You know how often I have highlighted, and opined upon, Illinois’ high levels of debt. To look at the data on state debt and unfunded liability, one might think that increasing it was a “good” thing – since the actual decisions made in Springfield do such an outstanding job of just that! But the reality, as we know, is that excessive debt is a destructive thing. So let’s take a look at where we stand.
In order to keep as many of my own feelings out of this review as possible, I will rely exclusively on the report and data found in the official “Report on Illinois Sovereign Debt”, prepared by well-respected members of the state “Debt Advisory Board”, chaired by Henry J. Feinberg. http://www.kirk.senate.gov/files/ILdebtreport.pdf If I had to summarize the essence of this report in one sentence, cobbled together from the report, it would be this: “The trajectory of Illinois fiscal policy over the past decade has put the State on a path to insolvency… a classic ‘debt spiral’… as if it were paying off a mortgage loan with a credit card.”
The report does not mince words. In a letter to Senator Mark Kirk, Feinberg identifies the state’s seminal financial issue: “the consequences of a failure of Illinois leadership regarding spending and debt.” As a result of this failure, “Illinois has become a greater credit risk than almost any other state”, inevitably leading to investor demand for higher bond yields that cost the state higher interest payments than most other states. In fact, Illinois’ current debt service (interest) is $3 billion, approaching ten percent of its annual budget!
The report points out that, despite the unprecedented 67% increase in the state income tax rate (imposed to reduce state debt), the state’s debt continues to grow to new heights!

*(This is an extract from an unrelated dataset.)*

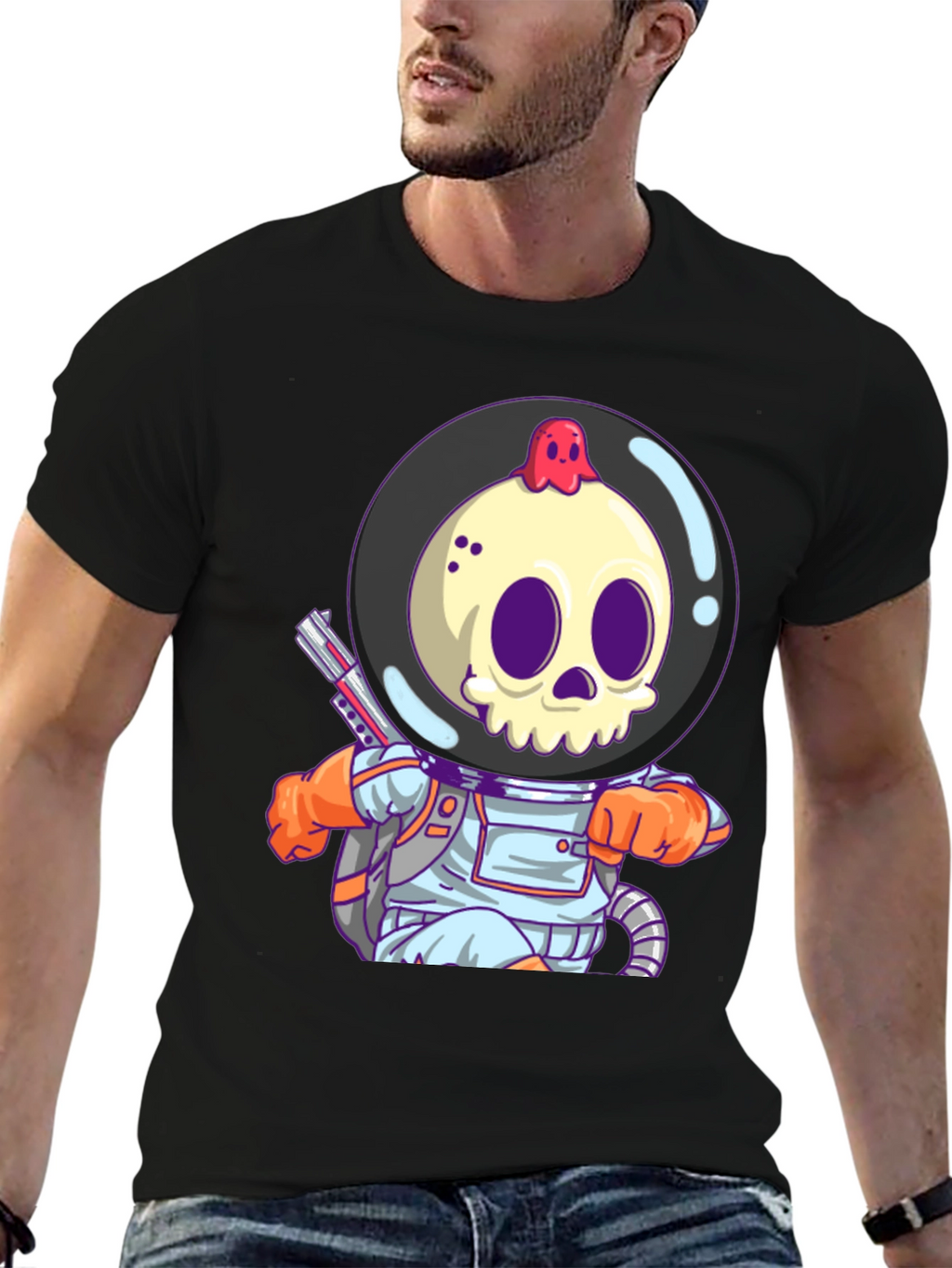 Astronaut Skull Graphic Tee - Spooky Space Style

Currently, Illinois’ unpaid bills are ten times higher than in 2002. Let’s summarize current aggregate “Effective Debt” for Illinois, Chicago, and Cook County (as published in the “Report”): Illinois — $31 billion; Cook County — $22 billion; Chicago — $63 billion. The total from all three levels is $116 billion.
These are staggering numbers, so staggering that we can’t comprehend them. Therefore, let’s put it in terms we’ll easily understand. If that debt came due tomorrow, each Chicago household would owe: $59,822 to cover Chicago debt; $11,607 to cover Cook County debt; $6,615 to cover Illinois debt. The total of all three for each household is $78,044!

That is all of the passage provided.